THE PROBLEM:
After locating the line with "Σάλος για φιλοναζιστικό" in the entries below, output it and each following line up to and including the line with "Casio Camera with Carrying Case", exactly and without pictures.

MATERIAL FOR THE TASK:
================

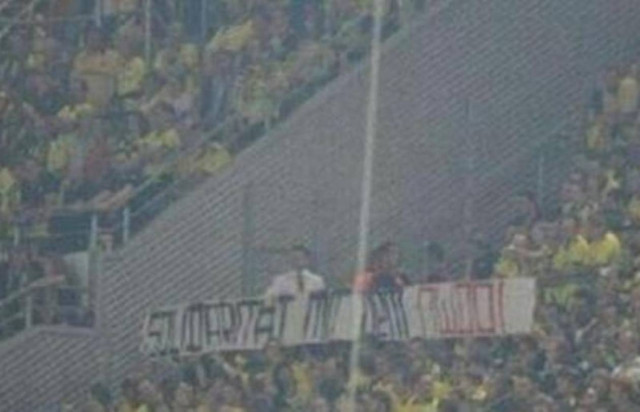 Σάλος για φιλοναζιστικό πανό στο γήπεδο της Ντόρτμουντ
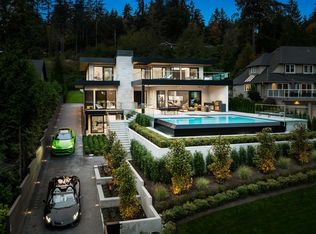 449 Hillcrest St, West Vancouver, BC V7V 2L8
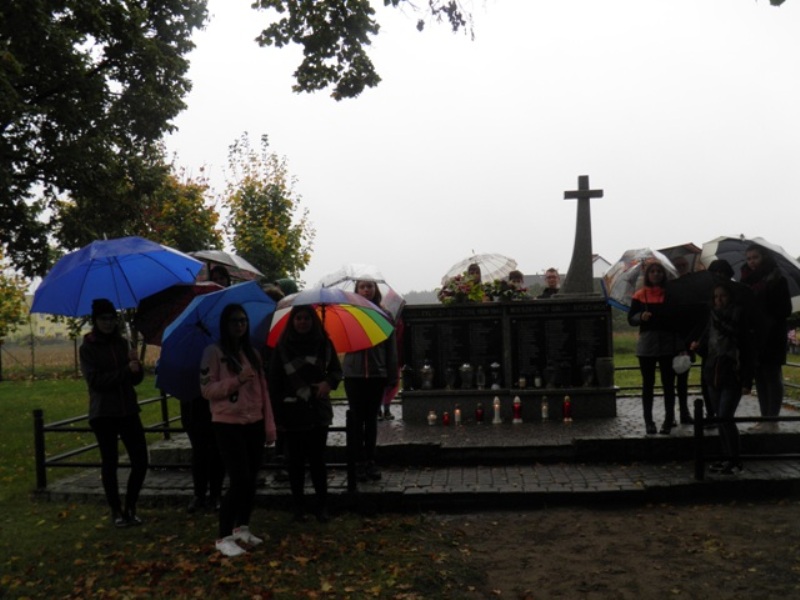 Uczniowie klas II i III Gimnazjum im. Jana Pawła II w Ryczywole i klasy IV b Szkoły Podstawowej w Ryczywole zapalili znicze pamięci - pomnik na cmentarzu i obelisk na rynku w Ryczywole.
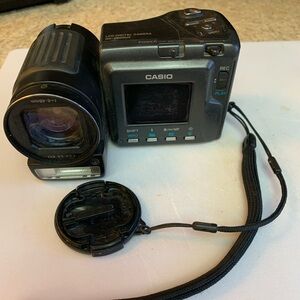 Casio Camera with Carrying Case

================

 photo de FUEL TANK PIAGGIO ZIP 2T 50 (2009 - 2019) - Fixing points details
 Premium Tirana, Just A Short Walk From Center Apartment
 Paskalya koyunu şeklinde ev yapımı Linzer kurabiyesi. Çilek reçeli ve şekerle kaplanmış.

================

REPLY:
 Σάλος για φιλοναζιστικό πανό στο γήπεδο της Ντόρτμουντ
 449 Hillcrest St, West Vancouver, BC V7V 2L8
 Uczniowie klas II i III Gimnazjum im. Jana Pawła II w Ryczywole i klasy IV b Szkoły Podstawowej w Ryczywole zapalili znicze pamięci - pomnik na cmentarzu i obelisk na rynku w Ryczywole.
 Casio Camera with Carrying Case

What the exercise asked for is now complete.